Reproduce the entire listing exactly. Leave the pictures out.

Supplied information:
◆ ◆ ◆ ◆ ◆ ◆ ◆

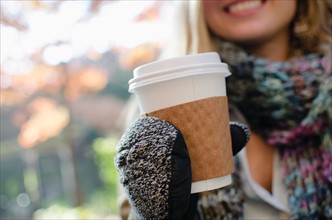 Woman wearing gloves holding coffee cup. Photo : Jamie Grill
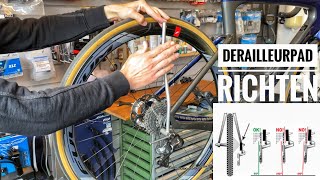 Wat te doen bij een scheef derailleurpadje en zo moet je een verbogen DERAILLEUR PAD richten [upl. by Annaeed]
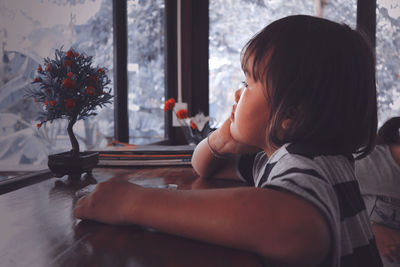 Close-up of cute girl sitting at cafe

◆ ◆ ◆ ◆ ◆ ◆ ◆

Exercise output:
 Woman wearing gloves holding coffee cup. Photo : Jamie Grill
 Wat te doen bij een scheef derailleurpadje en zo moet je een verbogen DERAILLEUR PAD richten [upl. by Annaeed]
 Close-up of cute girl sitting at cafe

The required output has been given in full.